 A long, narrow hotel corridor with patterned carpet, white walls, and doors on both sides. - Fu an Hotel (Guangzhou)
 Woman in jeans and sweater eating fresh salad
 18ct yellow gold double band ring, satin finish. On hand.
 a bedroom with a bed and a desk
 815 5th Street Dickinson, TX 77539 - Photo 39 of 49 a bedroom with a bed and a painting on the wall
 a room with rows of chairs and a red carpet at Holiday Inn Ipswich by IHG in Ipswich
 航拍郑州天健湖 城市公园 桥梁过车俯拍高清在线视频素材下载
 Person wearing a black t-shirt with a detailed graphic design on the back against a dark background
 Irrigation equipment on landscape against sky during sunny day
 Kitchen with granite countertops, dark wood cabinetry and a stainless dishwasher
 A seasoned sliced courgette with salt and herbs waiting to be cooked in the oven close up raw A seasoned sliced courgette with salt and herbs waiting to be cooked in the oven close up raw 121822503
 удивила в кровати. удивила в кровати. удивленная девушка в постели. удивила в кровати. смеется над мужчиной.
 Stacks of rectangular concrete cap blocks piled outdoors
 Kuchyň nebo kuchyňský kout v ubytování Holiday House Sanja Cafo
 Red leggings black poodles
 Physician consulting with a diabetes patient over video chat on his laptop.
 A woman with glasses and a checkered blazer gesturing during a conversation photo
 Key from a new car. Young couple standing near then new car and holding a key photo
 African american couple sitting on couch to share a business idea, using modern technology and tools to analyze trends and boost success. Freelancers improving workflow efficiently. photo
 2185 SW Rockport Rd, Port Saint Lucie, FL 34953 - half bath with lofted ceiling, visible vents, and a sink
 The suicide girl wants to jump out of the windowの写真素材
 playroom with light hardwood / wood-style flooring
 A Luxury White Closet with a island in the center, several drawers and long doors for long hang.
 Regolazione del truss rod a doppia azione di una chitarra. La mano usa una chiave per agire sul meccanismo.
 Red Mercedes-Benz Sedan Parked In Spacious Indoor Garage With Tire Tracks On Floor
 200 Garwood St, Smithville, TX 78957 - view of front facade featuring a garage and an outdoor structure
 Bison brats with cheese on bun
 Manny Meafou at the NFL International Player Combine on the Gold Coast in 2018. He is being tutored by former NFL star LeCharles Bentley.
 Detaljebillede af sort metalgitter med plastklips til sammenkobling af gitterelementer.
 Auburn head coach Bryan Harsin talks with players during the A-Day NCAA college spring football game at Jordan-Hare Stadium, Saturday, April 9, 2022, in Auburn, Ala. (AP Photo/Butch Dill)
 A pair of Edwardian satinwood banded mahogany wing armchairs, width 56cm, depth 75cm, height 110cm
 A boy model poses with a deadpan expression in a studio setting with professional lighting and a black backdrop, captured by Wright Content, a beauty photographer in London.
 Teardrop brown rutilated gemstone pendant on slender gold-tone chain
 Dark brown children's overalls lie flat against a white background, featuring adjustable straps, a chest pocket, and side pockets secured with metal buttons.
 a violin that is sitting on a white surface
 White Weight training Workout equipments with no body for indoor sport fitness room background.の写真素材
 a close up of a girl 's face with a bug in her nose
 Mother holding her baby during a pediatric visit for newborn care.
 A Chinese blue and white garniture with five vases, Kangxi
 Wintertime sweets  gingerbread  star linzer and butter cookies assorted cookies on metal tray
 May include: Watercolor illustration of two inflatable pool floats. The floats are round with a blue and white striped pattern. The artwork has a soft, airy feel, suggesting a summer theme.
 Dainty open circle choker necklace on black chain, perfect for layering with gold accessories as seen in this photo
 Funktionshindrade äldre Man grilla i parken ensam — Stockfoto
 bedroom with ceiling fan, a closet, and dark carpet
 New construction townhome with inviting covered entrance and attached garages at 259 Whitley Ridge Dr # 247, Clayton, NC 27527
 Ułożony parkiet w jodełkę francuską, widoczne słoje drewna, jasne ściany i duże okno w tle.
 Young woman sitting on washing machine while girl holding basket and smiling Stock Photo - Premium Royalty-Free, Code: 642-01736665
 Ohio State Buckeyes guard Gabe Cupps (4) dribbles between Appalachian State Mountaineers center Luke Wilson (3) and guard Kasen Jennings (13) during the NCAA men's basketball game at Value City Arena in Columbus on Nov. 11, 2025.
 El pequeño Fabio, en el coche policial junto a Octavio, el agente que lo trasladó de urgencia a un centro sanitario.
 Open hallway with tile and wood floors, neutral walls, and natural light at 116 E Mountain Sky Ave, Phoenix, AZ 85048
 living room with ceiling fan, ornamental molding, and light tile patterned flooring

· · · · · · ·

### Aim of the task
From the entries above, work out the number of lines containing the string "ceiling" and give that number by itself.

### Solution to this task
3